Caldwell left, driving his Plymouth staff car down the icy streets and progressively converting his despair into anger with Elsie, blaming her for his situation, hating her because she had gotten him into this mess and because she had once been Bruno's woman.

More furious than the storm outside, he stomped through her front door, tracking snow across the knotted rag rugs, shouting like a madman. She stifled his cries with an embrace and led him upstairs, where he passively accepted the maddening insouciance of her kisses. In the sweetly familiar bedroom of her old-fashioned two-story frame house on the Murfreesboro Pike, he gazed at the $219 mahogany suite he'd given her, her dressing table filled with the perfumes he loved to inhale as he nuzzled her neck. She was wrapping him in breast-soft comfort, drowning his arguments in her mouth.
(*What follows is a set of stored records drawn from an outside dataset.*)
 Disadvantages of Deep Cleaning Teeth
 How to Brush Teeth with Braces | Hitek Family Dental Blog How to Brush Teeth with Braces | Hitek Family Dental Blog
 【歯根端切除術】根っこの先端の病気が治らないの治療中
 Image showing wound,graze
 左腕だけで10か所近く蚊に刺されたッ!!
Shaking off her kisses even as he let her pull off his clothes, he flung more accusations at her, telling her that she had betrayed him, that she was a whore.
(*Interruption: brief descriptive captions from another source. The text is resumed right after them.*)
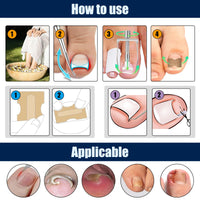 BQMEZRNUS Ingrown Toenail Removal Kit Ingrown Toenail Treatment Tool Kit Ingrown Toenail Corrector Tools with Toenail Braces, Podiatry Tools, Ingrown Toenail Corrector Strips and Patch for Toe Pain Relief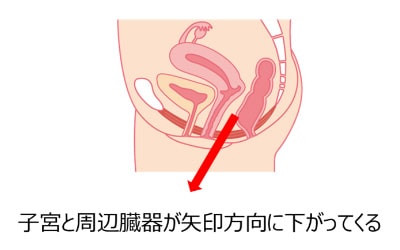 子宮と周辺臓器が矢印方向に下がってくる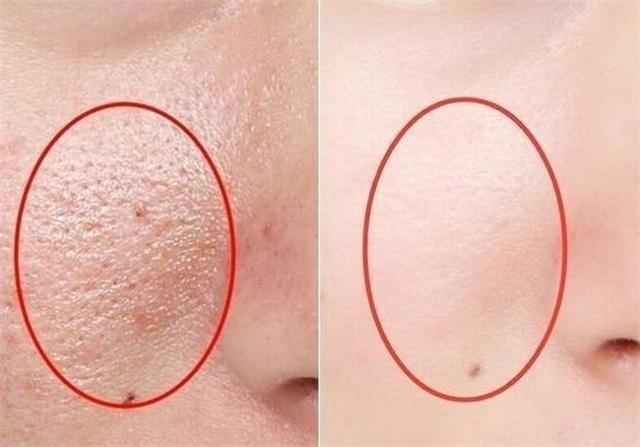 男生毛孔粗大毛孔粗糙怎么办,毛孔粗大怎么办教你一招收缩毛孔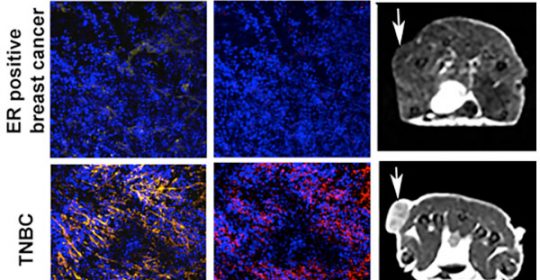 Desarrollo de un nuevo agente de contraste para resonancias magnéticas para la detección de cáncer de mama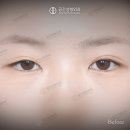 서울라인성형외과의원 이미지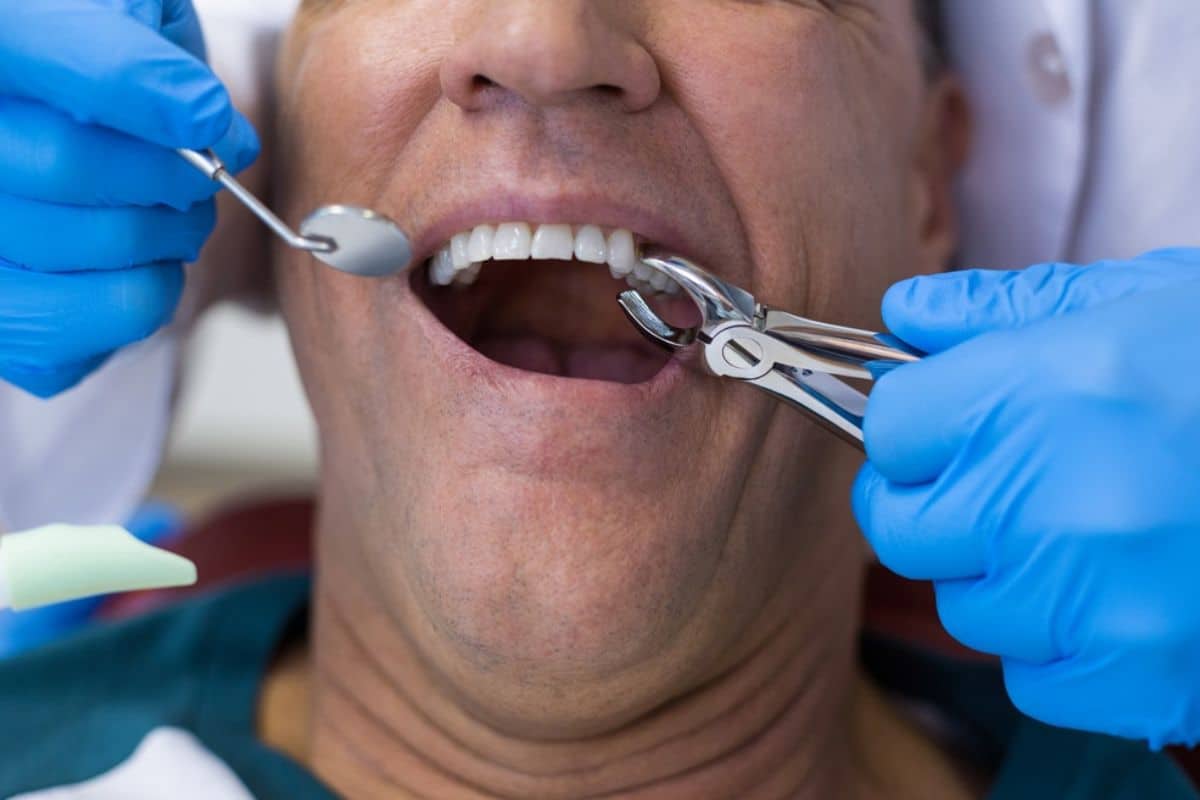 Dentist examining patient's teeth with dental tools during oral examination in clinical setting.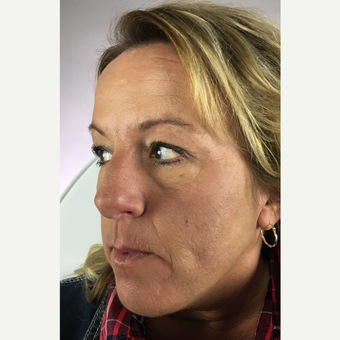 35-44 year old woman treated with Dysport after 3802751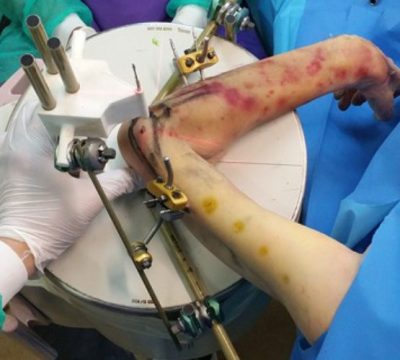 The Growing Impact and Benefits of 3D Printing -Video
She replied with more kisses and darting hands; even as he screamed at her, she unbuttoned his fly, pushing him back down on the bed to pull his trousers down, gently amused that he could curse her as he let her undress him.
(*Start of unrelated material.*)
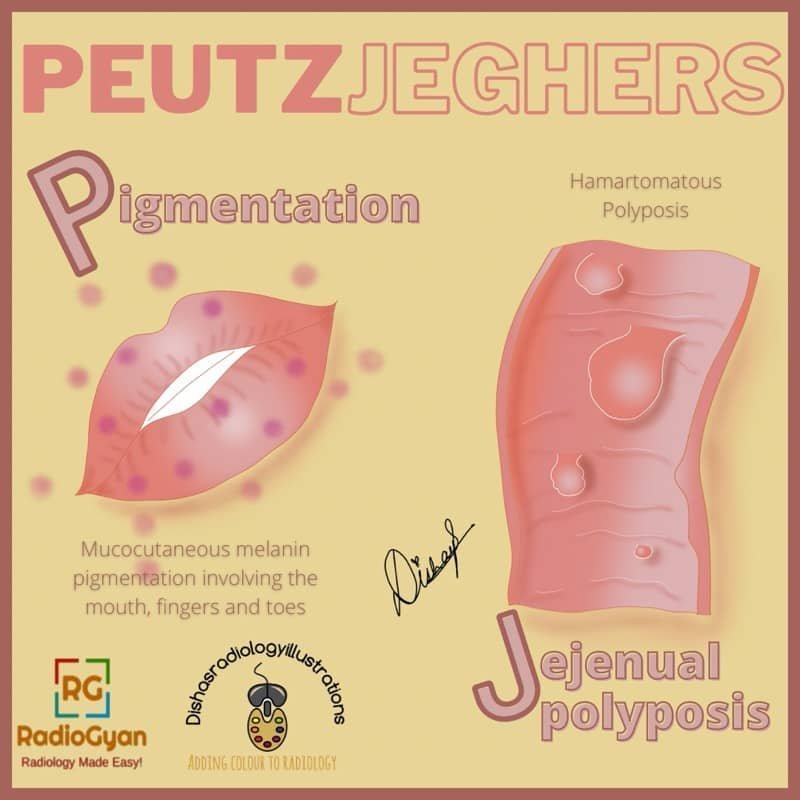 Peutz Jeghers Mnemonic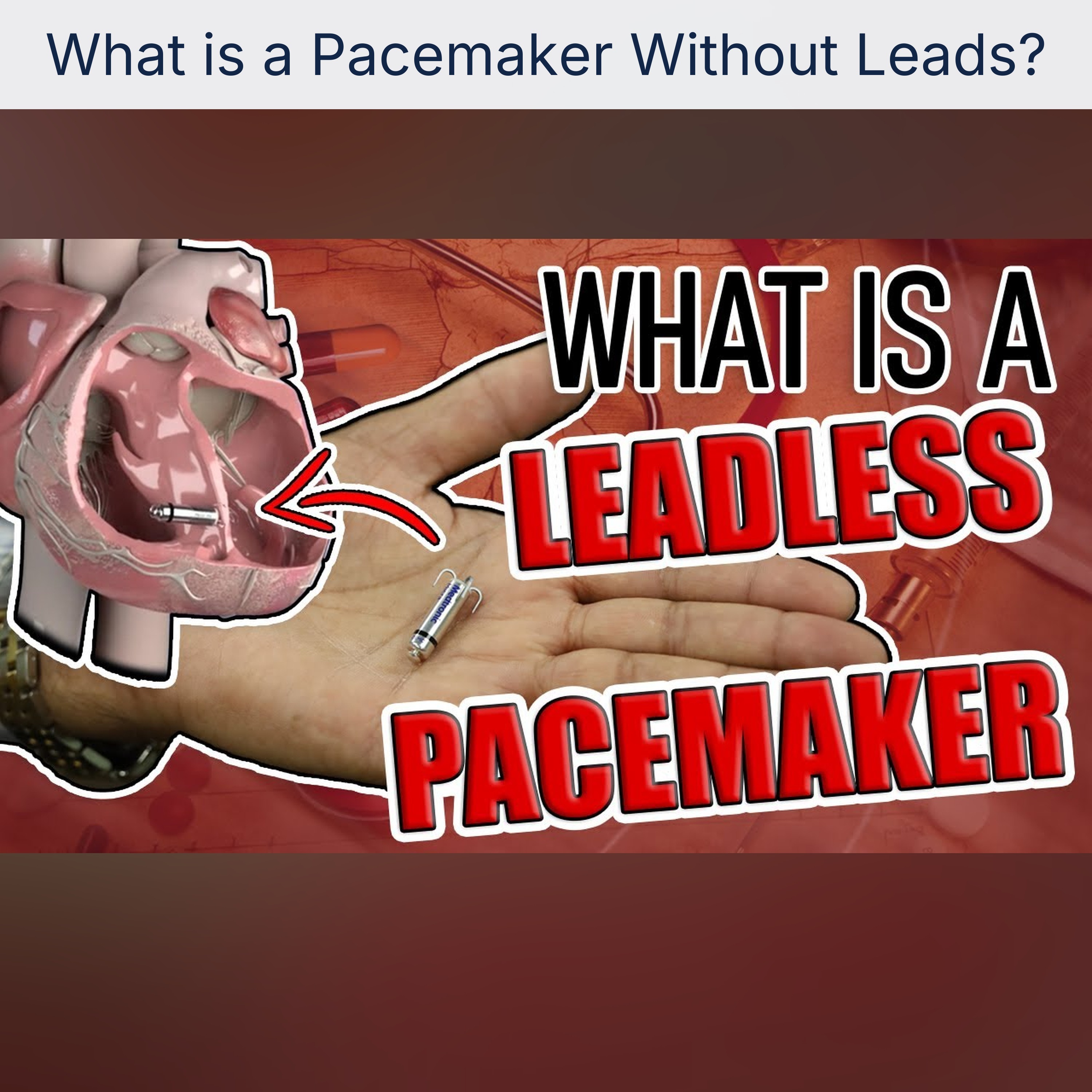 What is a Pacemaker Without Leads?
Caldwell knew how stupid it was and how perfectly it fitted the bizarre pattern of their relationship. He had been faithfully married for twenty-two years to his high school sweetheart, even though Shirley's increasingly religious bent had muted their sex life. When she died, he'd been blessed or cursed with a sudden new adolescent capacity for love. He had fallen for Elsie with a coltish naiveté that made him more vulnerable than a teenager.

Caldwell tried to regain his anger, struggling to his feet, nude, detumescent, and she slipped behind him saying, "Oh, Hank, you can't be mad about Bruno. It was all such a long time ago, I was just a kid."

Her absolute tranquility appalled him. She felt no guilt or remorse; she was kissing and squeezing him as if she had genuinely missed him. Shamelessly, knowingly, without any regard for what had happened in the past or might happen in the future, she pressed herself on him with her always irresistible ardor.

The terrible, unreliable part was that he was responding in every way but the one that counted; he wanted her desperately, wanted to settle all the arguments by bolting himself to her and, bucking, spend himself within her, listening to her gasps of pleasure, not caring if they were real or not. But a countercurrent of quietly determined guilt swam upstream against desire, and he was impotent.

"You're acting crazy, Hank. You've been on a long trip, and God knows what you eat over there. Or what you drink." She looked up at him archly, "Or who you screw. Let me fix you a little bourbon and branch water."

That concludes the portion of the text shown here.